Friday, May 30, 2014
Sandler, Travis & Rosenberg Trade Report

An annual International Trade Commission report finds that growth in U.S. exports and imports of services slowed in 2012 but the U.S. remained the world’s largest services market and leading exporter and importer of services. This report presents a qualitative and quantitative overview of U.S. trade in services and highlights some of the service sectors and geographic markets that contribute substantially to recent services trade performance. The ITC states that this year's report focuses on electronic services and includes chapters on audiovisual services, computer services and telecommunication services and that each chapter analyzes global market conditions in the industry, examines recent trade performance and summarizes the industry's outlook.
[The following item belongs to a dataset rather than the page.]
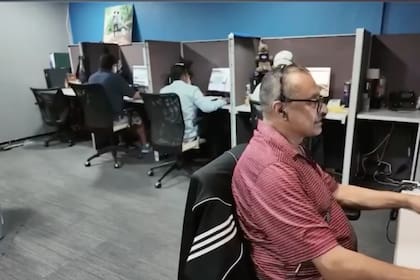 Mexicanos deportados hallaron empleo en call centers fronterizos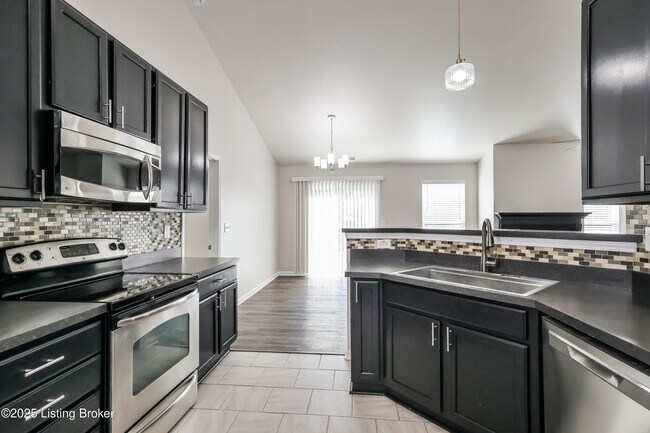 Building Photo - 7003 Hollow Oaks Dr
The report’s findings for the year 2012 include the following.

- Although they remain global leaders, the U.S. audiovisual, computer and telecommunication services industries have faced challenges brought about by rapid technological change, including the growing demand for and prevalence of Internet-enabled devices and the use of these devices by consumers to communicate and access a variety of content. The importance of electronic services to the U.S. and global economies is expected to grow as they continue to play a key role in enhancing productivity and facilitating trade.

- The value of U.S. commercial services exports was $621 billion (14% of global services exports) while imports totaled $411 billion (10% of global services imports). Leading sectors included travel services and passenger fares (26% of exports and 28% of imports) and professional services (23%/20%).

- U.S. cross-border services exports rose 5% (down from nearly 11% in 2011) and U.S. services imports grew 4% (down from 7%). Electronic services accounted for 7% of exports and 8% of imports, yielding a trade surplus of $7.1 billion in this subsector.

- Sales by foreign affiliates of U.S. firms, the leading channel by which many U.S. services are delivered to foreign markets, rose 11% to $1.3 trillion in 2011. Electronic services accounted for 15% of this total. Leading U.S. markets for affiliate sales included the United Kingdom, Canada, Japan and Ireland.

- Services accounted for 78% of U.S. private sector gross domestic product ($10.3 trillion) and 82% of private sector employees (85 million). Private sector electronic services accounted for about 6% of total domestic GDP and 3% of total private sector employment. Electronic services were the most productive U.S. sector, with an average output per worker of $249,802.

- A variety of impediments restrict trade in electronic services, including localization requirements for computer servers and online privacy protection measures that restrict cross-border data flows. In addition, limits on foreign investment and competition are prominent in several countries' telecommunication sectors, where former monopolies limit access to domestic networks. Noteworthy barriers affecting audiovisual services trade include quotas on imported films in such markets as France and China, Internet piracy of copyrighted intellectual property, and censorship.